Apart from the images, every record below must be given again without alteration.

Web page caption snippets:
^^^^^^^^

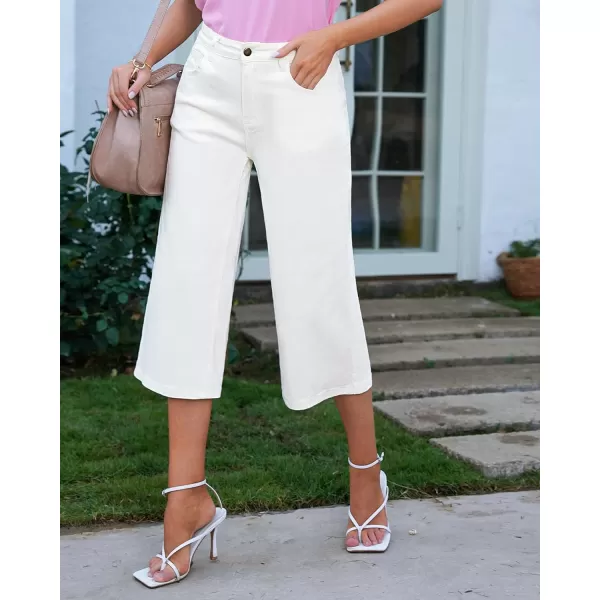 GRAPENT Jean Capris for Women Wide Leg Jeans High Waisted Crop Denim Capri Pants Stretchy BaggyBrilliant White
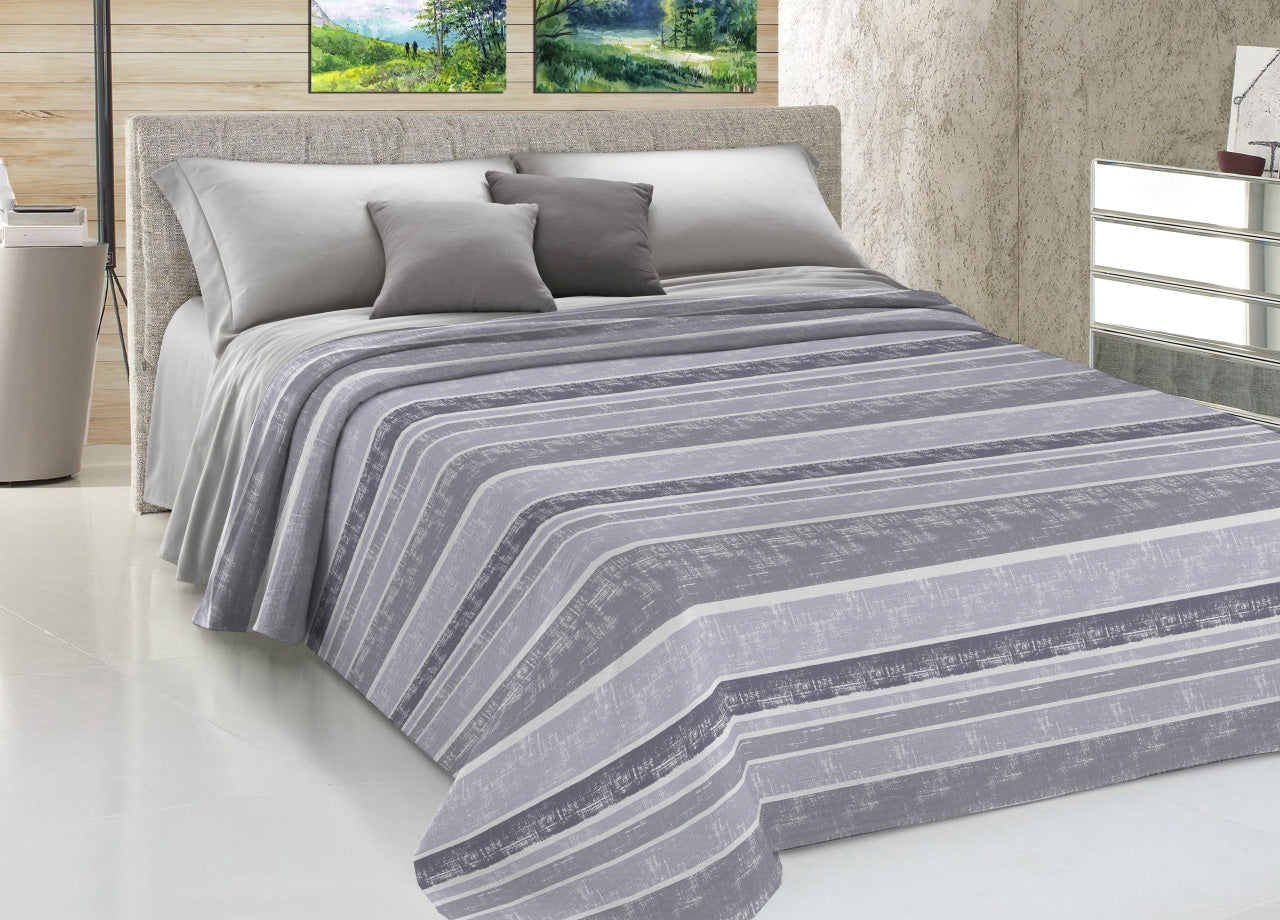 Copriletto Piquet Primavera Estate 100% Cotone Sofia Disegno Rodrigo - Matrimoniale - Grigio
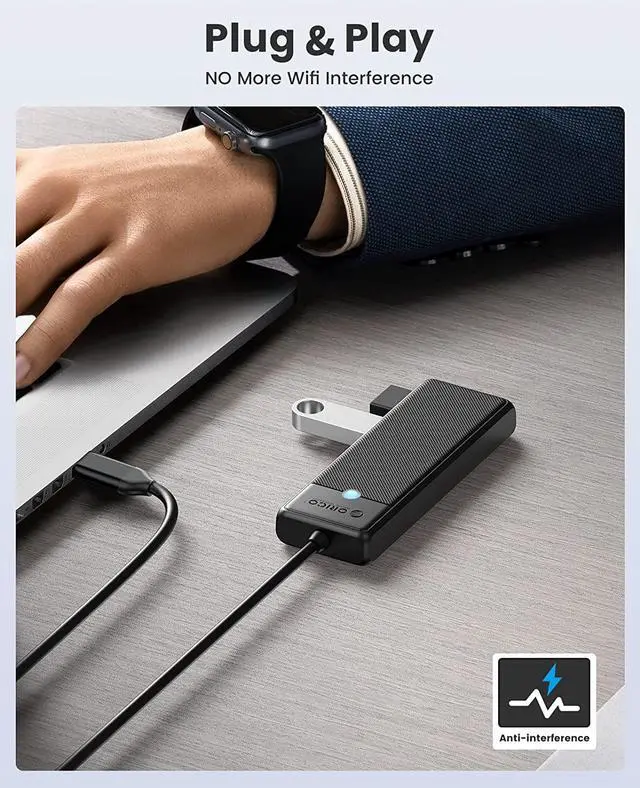 Alt view image 3 of 7 - ORICO Type C to 4-Port USB 3.0 Hub, Ultra-Slim Data USB Hub with 0.98ft Extended Cable for Windows,XP, Vista ,Windows, Linux and Mac Desktop or Laptop -Black Pink 4 USB 3.0 15cm USB C 1 Pack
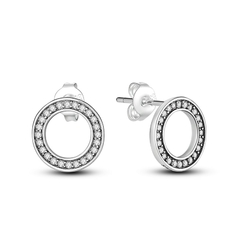 Imagem do Brincos de argola dupla charm 2023. Prata 925 Brilhante Pave Stud Brinco Presente para Mulheres Jóias de noivado Aniversário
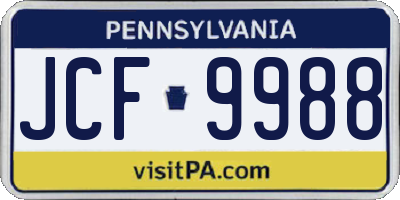 PA license plate JCF9988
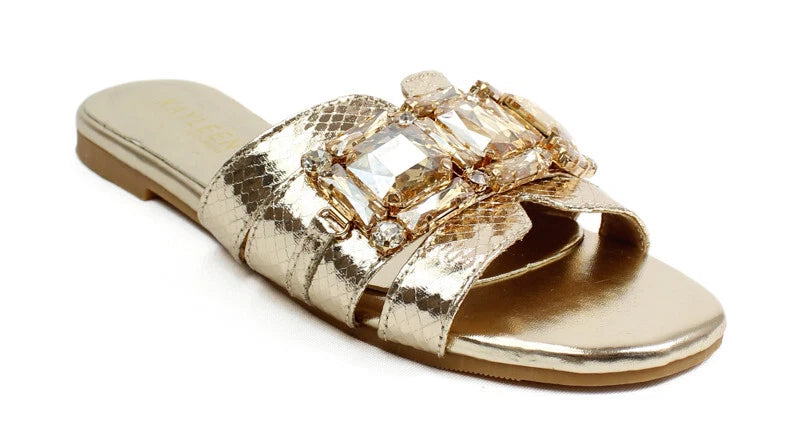 KARAUSA Fashion Bling Rhinestone Big Crystals Casual Slides Sandal
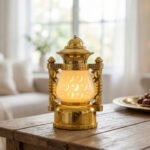Mini Gold Ramadan Lantern with LED Candle & Moon Star Cutouts - Image 2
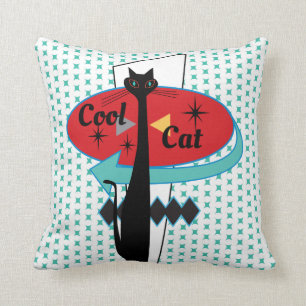 Coussin Symbole de chat Cool moderne de l'ère atomique du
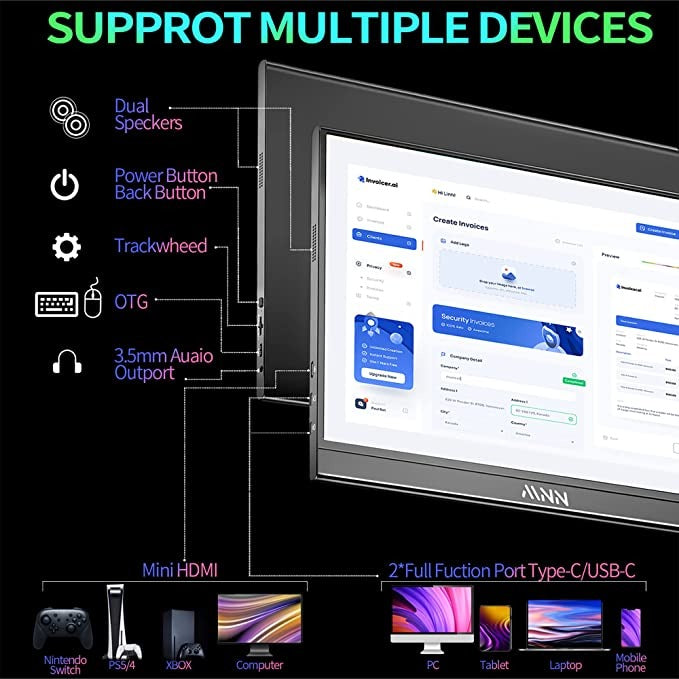 CUTTING-EDGE TECHNOLOGY Ultra-Thin Portable Metal Display Monitor for PS4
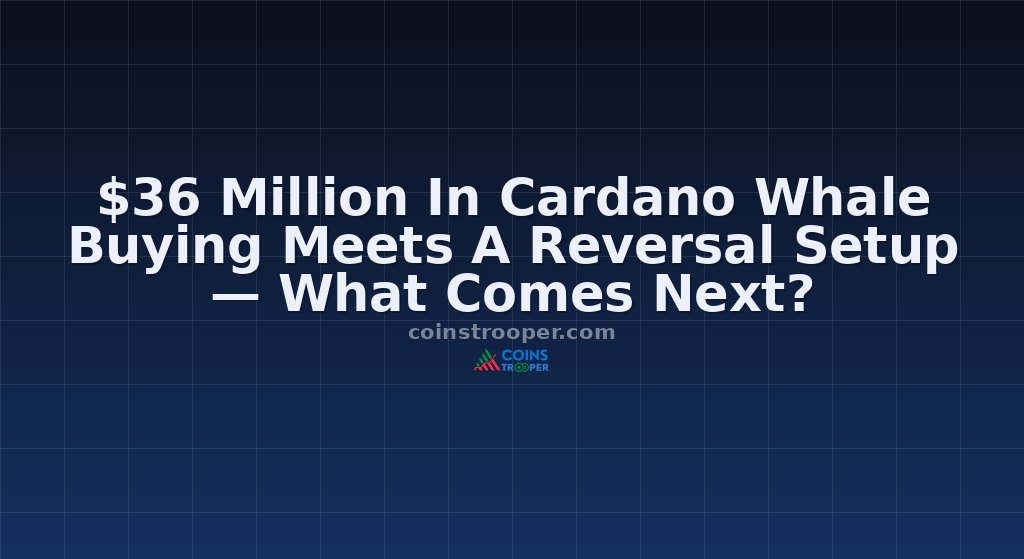$36 Million In Cardano Whale Buying Meets A Reversal Setup — What Comes Next?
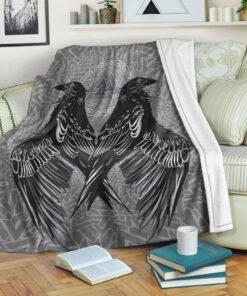 Raven Valknut Viking Sherpa Fleece Blanket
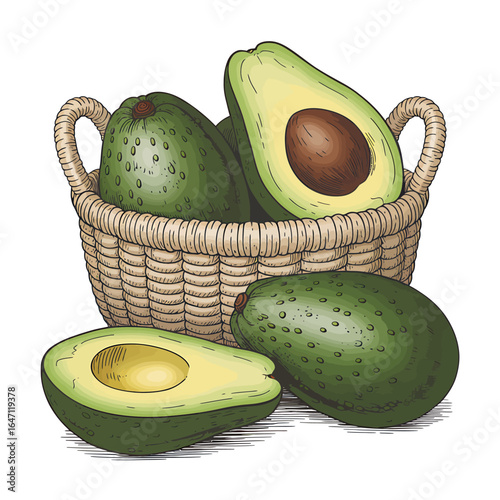 Avocado Basket Illustration Ripe Green Fruit Halves and Whole with Detailed Crosshatch Texture and Organic Feel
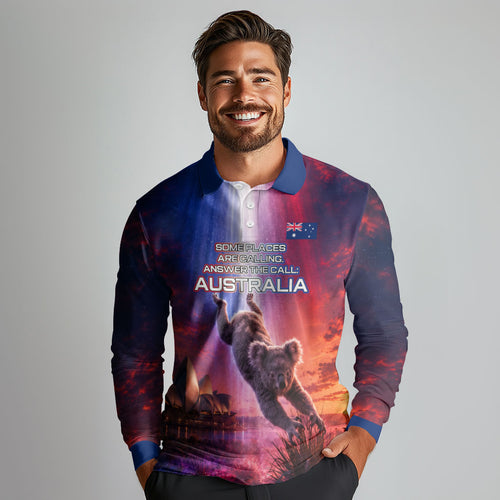 Australia Koala And Kangaroo UFO Long Sleeve Polo Shirt Sci-Fi Galaxy Opera House And Uluru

^^^^^^^^

EXERCISE OUTPUT:
 GRAPENT Jean Capris for Women Wide Leg Jeans High Waisted Crop Denim Capri Pants Stretchy BaggyBrilliant White
 Copriletto Piquet Primavera Estate 100% Cotone Sofia Disegno Rodrigo - Matrimoniale - Grigio
 Alt view image 3 of 7 - ORICO Type C to 4-Port USB 3.0 Hub, Ultra-Slim Data USB Hub with 0.98ft Extended Cable for Windows,XP, Vista ,Windows, Linux and Mac Desktop or Laptop -Black Pink 4 USB 3.0 15cm USB C 1 Pack
 Imagem do Brincos de argola dupla charm 2023. Prata 925 Brilhante Pave Stud Brinco Presente para Mulheres Jóias de noivado Aniversário
 PA license plate JCF9988
 KARAUSA Fashion Bling Rhinestone Big Crystals Casual Slides Sandal
Mini Gold Ramadan Lantern with LED Candle & Moon Star Cutouts - Image 2
 Coussin Symbole de chat Cool moderne de l'ère atomique du
 CUTTING-EDGE TECHNOLOGY Ultra-Thin Portable Metal Display Monitor for PS4
$36 Million In Cardano Whale Buying Meets A Reversal Setup — What Comes Next?
 Raven Valknut Viking Sherpa Fleece Blanket
 Avocado Basket Illustration Ripe Green Fruit Halves and Whole with Detailed Crosshatch Texture and Organic Feel
 Australia Koala And Kangaroo UFO Long Sleeve Polo Shirt Sci-Fi Galaxy Opera House And Uluru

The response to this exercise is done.